The top-5 data science skills that don't involve "sklearn"

The top-5 data science skills that don't involve "sklearn"

There is so much emphasis and insecurity about knowing the greatest and latest machine learning libraries and modeling techniques, but what makes an exceptional data scientist has almost nothing to do with machine learning. Here are the top-5 skills you can hone to be an invaluable data scientist (see slideshow below):

  1. Identify the right problem: Unfortunately, you can’t throw a neural network at every problem. Spend time finding the right problem to tackle as opposed to diving straight into modeling as soon as you get a dataset. Working on a value-adding problem is half the battle.

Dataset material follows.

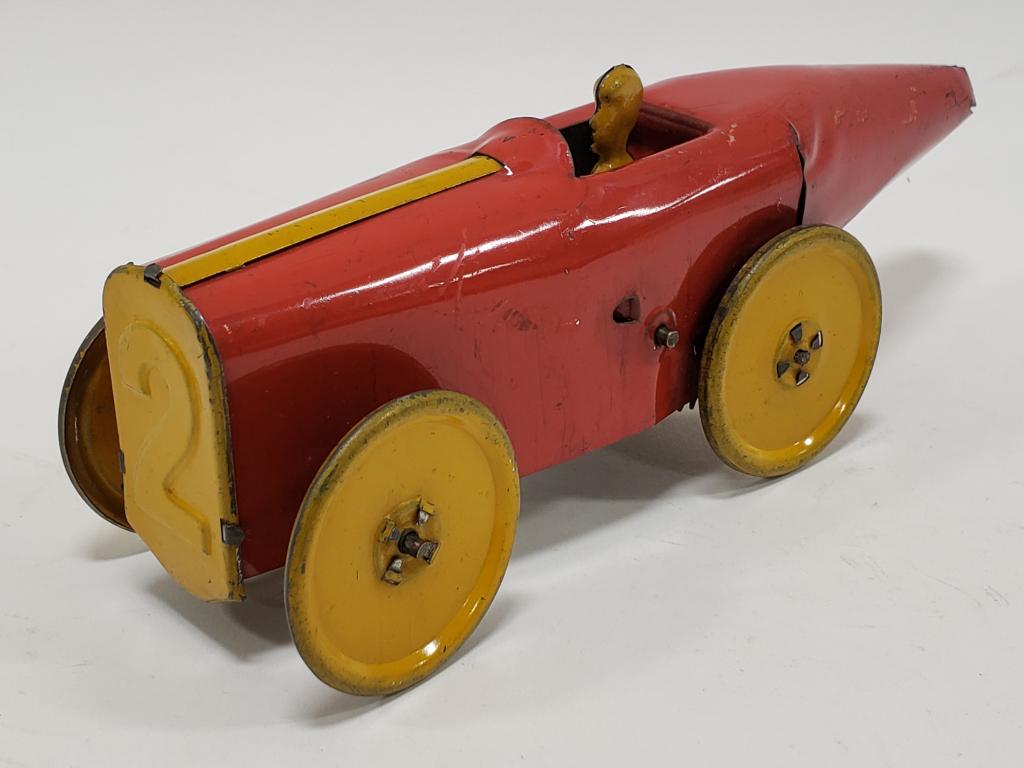 Girard Tin Windup #2 Boat Tail Racer: Girard tin windup #2 boat tail racer with original driver. Nice condition with some paint loss and wear from play and age. Displays nicely. Windup mechanism works. Measures approximately 8" long.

  2. Develop data empathy: 9 times out of 10, a data scientist inherits the data she is asked to analyze. Spend time exploring your data and talking to those who have used it or collected it to develop data empathy. After this investigation you should be able to answer questions such as: How were the data collected? By whom? For what purpose? What do NaNs mean? Were the data imputed? What are the potential biases in the data? etc. For more on data empathy see my 2014 paper.

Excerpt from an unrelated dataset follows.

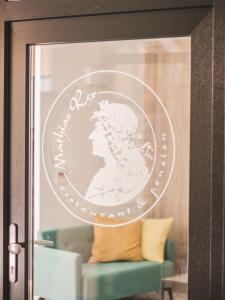 a round coin on a glass door with a couch at Mathias Rex in Szentendre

  3. Correlation isn’t causation: the majority of AI/ML methods are correlation based but businesses are most often interested in causal relationships. The general rule is: you cannot draw causal relationships from a predictive model.

  4. Cross the “so what” chasm: it’s wonderful that you got an AI algorithm to work and give you an output. However, if you want to be an indispensable data scientist you need to translate your model’s output into an operationally useful recommendation that a stakeholder can use.

  5. Help anyone you can even if it’s not related to data science: You are more than a data scientist who analyzes data! If someone needs help at work, you are smart and capable. Don’t just brush it to the side because it is not in your technical wheelhouse.